The walk in was pretty good with a clean forest floor and I gained elevation fast before contouring around the side of a ridge. I encountered some fairly thick scrub but I pushed through it and dropped down as the valley flattened out. Eventually after a couple hours walking I found a nice level spot not too far off the first marks I had in the gps to check out.
It was now getting light enough to see so I dropped everything out of my pack onto the grassy clearing and loaded it back up for the days hunt. I was heading to some intermittent clearings the boys had told me about where sambar often feed through. The surrounding bush was interspersed with tea tree, which offered good bedding habitat and being winter the boys told me if I got any overcast drizzly days the deer would most likely be active for a good portion of the day. This sounded good to me and apparently would be an advantage as from my past limited experience hunting sambar I knew it was much easier to locate a deer on its feet then bedded up and motionless.
I didn’t even get to the first clearing before I got honked at and I stood there listening to an animal crashing off through the tea tree at close range. The noise is fairly loud and scares the shit out of you when you are not ready for it, which you usually aren’t.

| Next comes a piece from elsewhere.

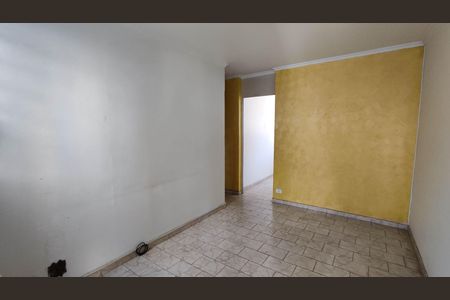 Sala de apartamento para alugar com 2 quartos, 48m² em Parque Sao Francisco, Ferraz de Vasconcelos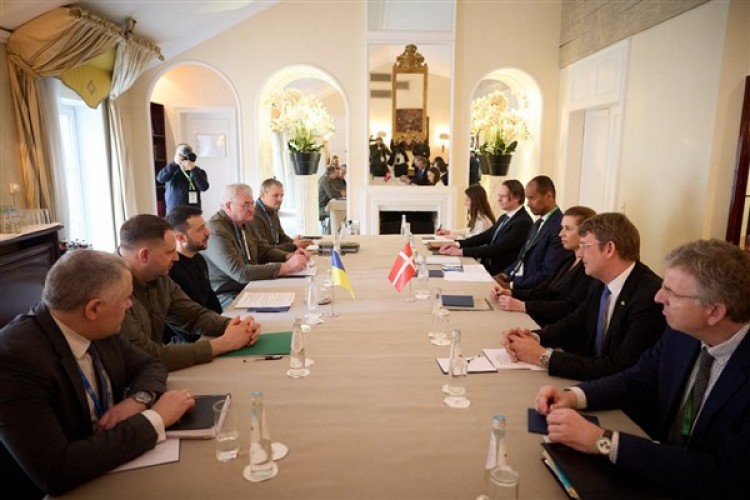 Zelenski, Danimarka Başbakanı Frederiksen ile bir araya geldi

I spent the next couple of hours in socks slowly stalking through these clearings and saw a number of sambar crash off after frightening me each time with a loud honk! I just couldn’t seem to spot them before they located me and if I went any slower I would be hardly moving. Eventually at about 10am I popped out on a small clearing and spotted a large hind feeding on the far edge. I ranged her at 60m and when she went behind a tea tree bush I closed in about 20m. I could see she was feeding away from me behind the bush and then soon turned back through my only lane for a shot. I drew back, gave her 50m and watched the arrow sail just over her back. Needless to say she was out of there in a flash. I was a bit devastated that I rushed the shot and didn’t use my rangefinder again but at the same time it was good to get within range and it didn’t seem so impossible all of a sudden.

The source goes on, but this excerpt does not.